Exercise 5 — Schema versioning

SCHEMA_VERSION = 2

def snapshot_v2(world, path):
    np.savez(path,
        schema_version = np.array([SCHEMA_VERSION], dtype=np.uint32),
        # ... existing columns ...
        hunger_buildup = world.hunger_buildup[: world.n_active],  # NEW in v2
    )

def load(path, capacity):
    data = np.load(path)
    version = int(data["schema_version"][0]) if "schema_version" in data.files else 1
    world = build_world(capacity=capacity)
    # ... load common columns ...
    if version >= 2:
        world.hunger_buildup[: world.n_active] = data["hunger_buildup"]
    else:
        world.hunger_buildup[: world.n_active] = 0.0           # zero-fill for old snapshots
    return world

The migration is additive at load time: old snapshots load with the new column zero-filled; new snapshots load all columns. Renaming columns or changing dtypes requires a real migration (read the old name, write to the new column at the right dtype). The version field is the disambiguator.

In practice most simulators bump the version on every breaking change and write a one-shot script to migrate old snapshot files when needed.

Exercise 6 — Pickle-version stability

import pickle
with open("p4.pkl", "wb") as f:
    pickle.dump(world.columns, f, protocol=4)         # stable since Python 3.4
with open("phighest.pkl", "wb") as f:
    pickle.dump(world.columns, f, protocol=pickle.HIGHEST_PROTOCOL)

File size difference: usually <5%. The wire format is similar; the main difference is protocol=5 (added in 3.8) supports out-of-band buffers for large arrays, slightly more efficient for huge payloads.

The question is forward compatibility: in CPython 3.20, will protocol=4 still load? Almost certainly yes — protocol 4 has been stable for over a decade and pickle maintains backward compatibility. Will protocol=pickle.HIGHEST_PROTOCOL from today still load in 3.20? Probably yes too, but the guarantee is weaker.

For long-term archives, prefer np.savez (.npy format frozen since 2007) over pickle at any protocol. For short-term internal snapshots where the same Python process reads what it wrote: protocol=HIGHEST is fine.

Exercise 7 — Memory-mapped snapshot (stretch)

import numpy as np, time

# 100 MB file with one column
path = "/tmp/big.npy"
arr = np.zeros(12_500_000, dtype=np.float64)         # 100 MB
np.save(path, arr)

# Full load
t = time.perf_counter()
full = np.load(path)
print(f"np.load full: {(time.perf_counter()-t)*1000:.0f} ms")

# Memory-mapped — does no actual I/O until first access
t = time.perf_counter()
mm = np.load(path, mmap_mode='r')
print(f"np.load mmap: {(time.perf_counter()-t)*1000:.2f} ms")
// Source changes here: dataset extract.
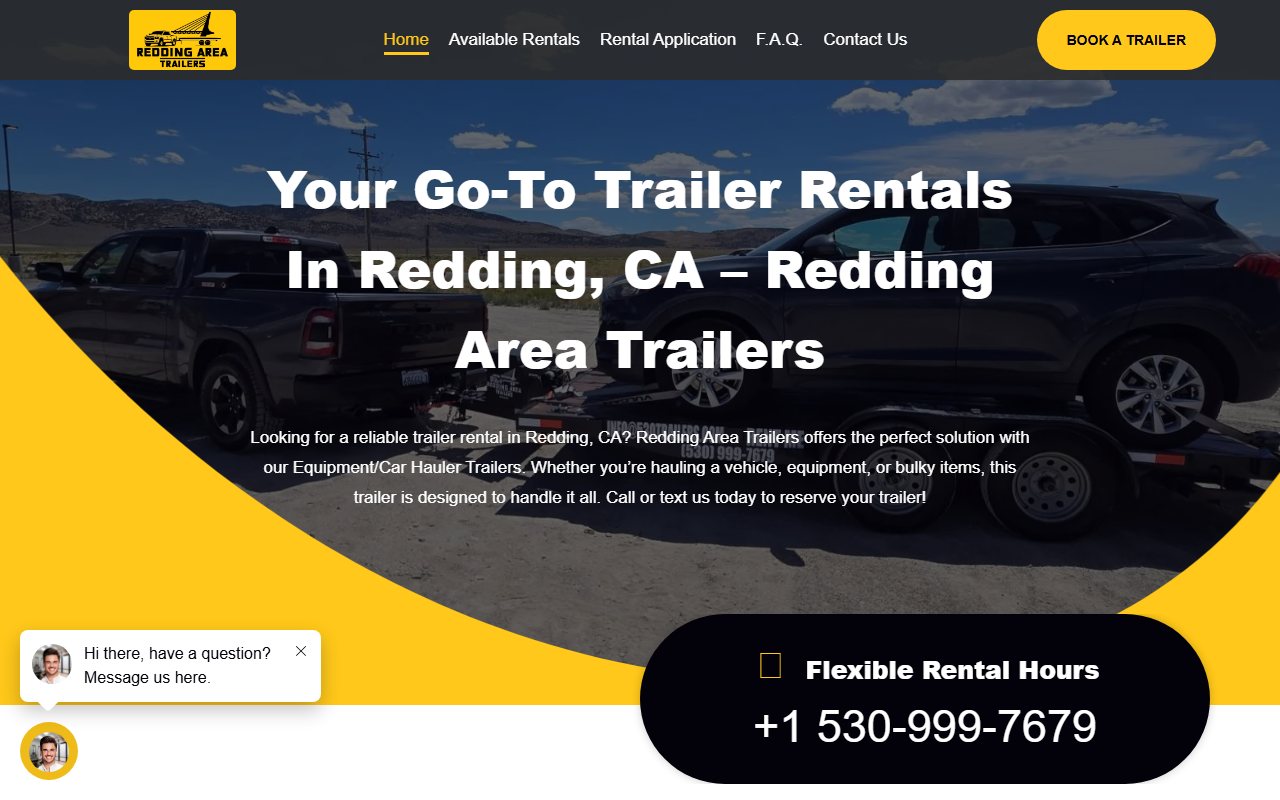 530trailers.com screenshot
# Touch one element — pages get faulted in
t = time.perf_counter()
val = float(mm[1_000_000])
print(f"first read:   {(time.perf_counter()-t)*1e6:.0f} µs")
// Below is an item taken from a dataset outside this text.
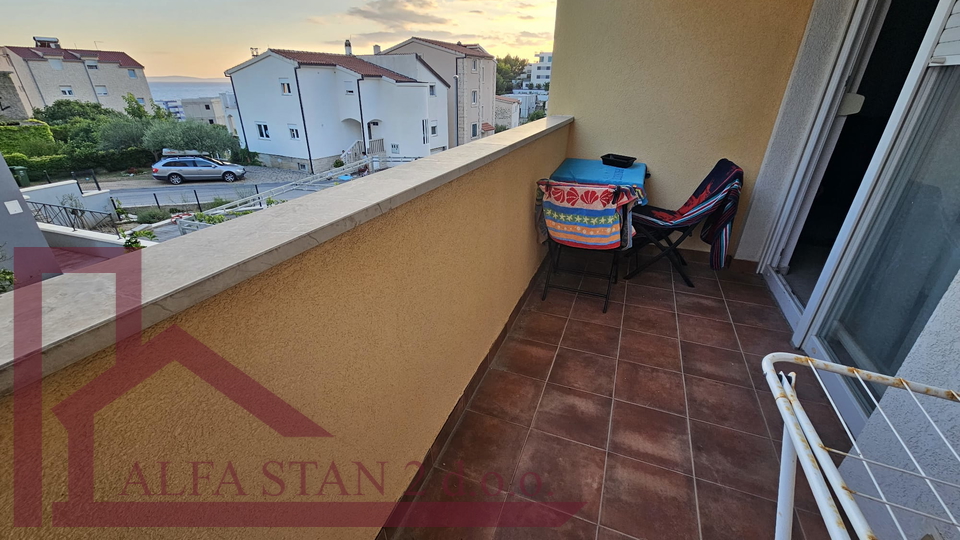 Apartment, 57 m2, For Sale, Podstrana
# Touch the whole thing — pays the I/O now
t = time.perf_counter()
s = float(mm.sum())
print(f"full sum:     {(time.perf_counter()-t)*1000:.0f} ms")

Typical:

np.load full: 60 ms       (reads the whole file into memory)
np.load mmap: 0.1 ms      (just opens the file; no I/O)
first read:   80 µs       (faults in one 4-KB page)
full sum:     50 ms       (faults in all pages — pays I/O now)
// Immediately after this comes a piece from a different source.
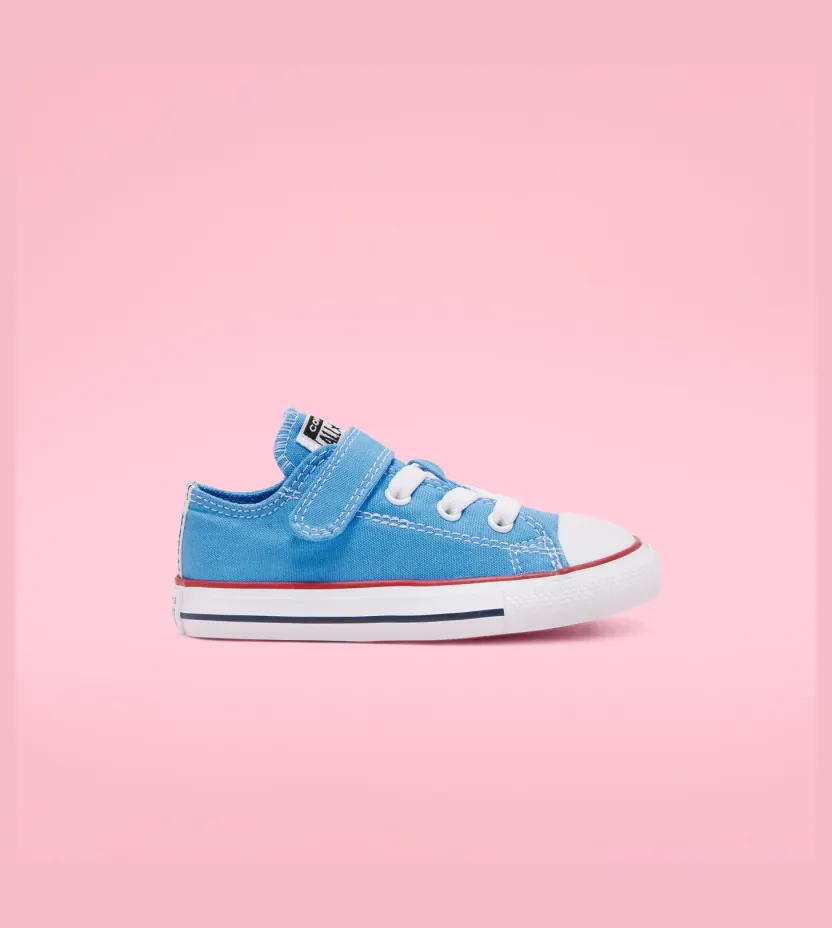 Converse Seasonal Color Easy-On Chuck Taylor All Star Low Top Coast/garnet/white (766823C)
The mmap form is much faster at open time and faster overall if the program only reads part of the data. For the simulator: if a snapshot has 20 columns and the inspector only wants one, mmap reads only that column’s bytes from disk. For a full restore, mmap pays the same total I/O — just amortised across first accesses.

For per-tick snapshots that get fully restored, the standard np.load is fine. For large checkpoints where you might want to inspect one column without paying for all of them, mmap wins.